_INSTRUCTIONS TO FOLLOW_.
Starting at the line that contains "SOLVED: Differences Between", transcribe each line through the end of the material below, exactly and nothing else, leaving out the pictures.

_GIVEN INFORMATION_.
┌──
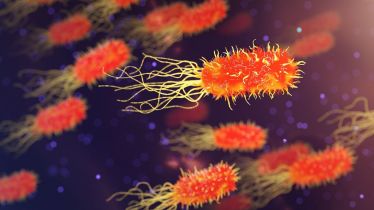 Shigella Bacteria | Drug-Resistant Shigella Bacteria |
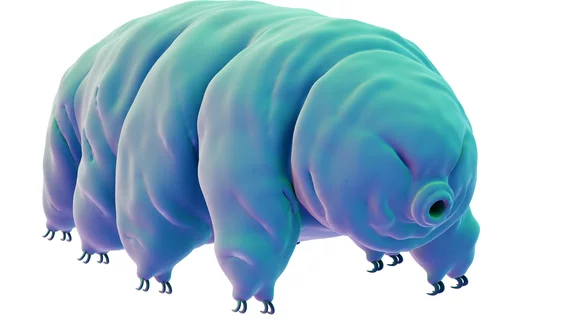 Proteins in tardigrades could help prevent radiation-induced side effects.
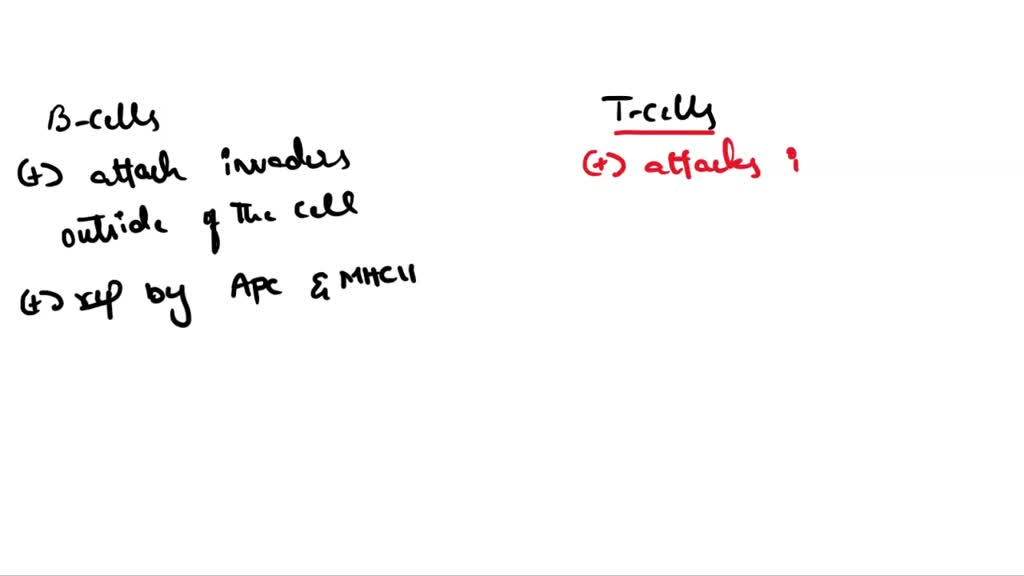 SOLVED: Differences Between T cell and B cells What are the differences ...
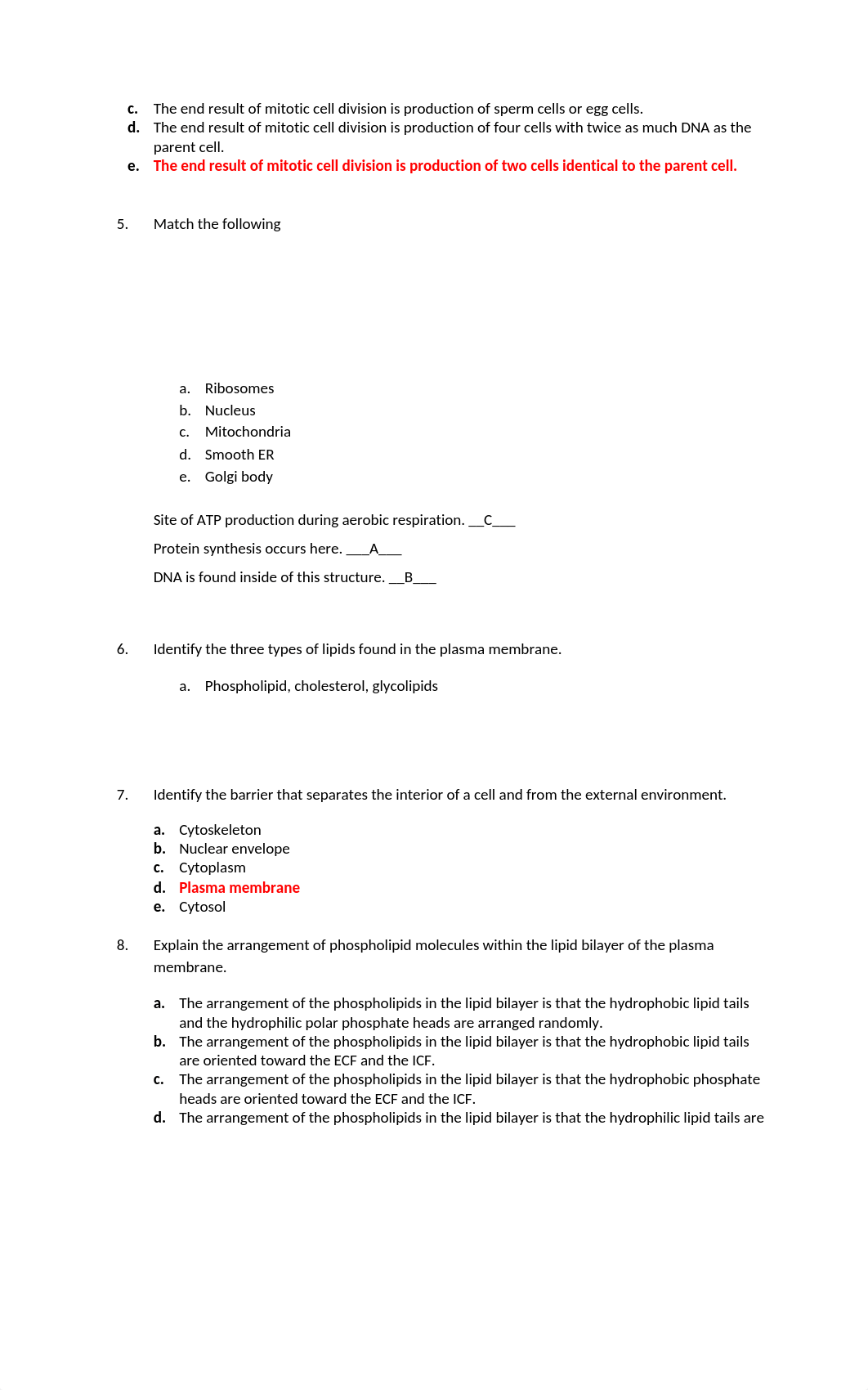 Chapter 3 Cells Worksheet.doc_dhwb42qb0gp_page2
└──
_OUTPUT BELOW_.
 SOLVED: Differences Between T cell and B cells What are the differences ...
 Chapter 3 Cells Worksheet.doc_dhwb42qb0gp_page2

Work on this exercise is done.